A court told Ssangyong Motor to take back 153 workers laid off after an unprecedented labor strike in 2009.

But the automaker isn’t welcoming the workers with open arms.

The Seoul High Court yesterday ruled in favor of the workers after it overturned a ruling by a lower court that accepted Ssangyong’s reasons for cutting its workforce.

The high court acknowledged the company’s emergency situation, including a tight liquidity crunch caused by the global financial crisis of late 2008.

However, it did not accept the automaker’s claim that laying off its workers was the only option it had at the time.

The court said a corporate restructuring report by an accounting firm that was the primary basis for the layoff decision didn’t hold water.

Samjong KPMG in 2008 projected that the automaker’s debt-to-asset ratio would spike to 561.3 percent. The accounting firm proposed a corporate restructuring as the books were expected to get worse. Ssangyong was losing competitiveness, and its sales were destined to fall with no new models.

The high court maintained that, despite a constant change of upper management at the time, the company was able to maintain solid sales and competitiveness through its long-term corporate improvement campaigns. The court said that despite the global crisis, the company was able to maintain a market share exceeding 20 percent while also owning several pieces of real estate.

A union representative welcomed yesterday’s court decision.

“We respect the court ruling, and we hope this will act as a valuable touchstone for solving problems at Ssangyong Motor,” the Korean Metal Workers’ Union said in a statement released after the ruling. “We also hope that the company will do its best to end the conflict.”

Ssangyong Motor expressed shock and added that it will consider bringing the case to the Supreme Court after thoroughly reviewing yesterday’s ruling.

“[A court] told us to go ahead with corporate restructuring in 2009 and now they tell us we shouldn’t have?” asked an official at the automaker.

In 2009 the automaker laid off 2,646 employees, or 37 percent of its total workforce, after its main investor, Shanghai Automotive, pulled out at the end of 2008, leaving the local automaker in distress.

The Chinese company, which had owned a majority 51 percent stake in the Korean automaker since 2006, promised new investment that never came. The Chinese automaker is still accused of stealing technology from the Korean company.

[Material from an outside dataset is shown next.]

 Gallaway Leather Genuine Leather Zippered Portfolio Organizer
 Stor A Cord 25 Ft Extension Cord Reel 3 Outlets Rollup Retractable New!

Hit hard by the unprecedented global depression that affected sales, the Korean automaker came to a point where it had no choice but to under go court receivership in February.

Two months later, the automaker unveiled corporate restructuring and revival plans, which included the layoffs.

A month later, the union went into a strike that lasted 77 days, which included violent clashes with the authorities. The automaker was bought by the Indian company Mahindra & Mahindra in November 2010.

In the first month of last year, 455 employees on extensive leave without pay were called back to work by the automaker. Since the layoffs, 24 former employees have passed away, including some who committed suicide.

The 153 employees filed a lawsuit at the lower Seoul court in November 2010, insisting that they were wrongfully fired.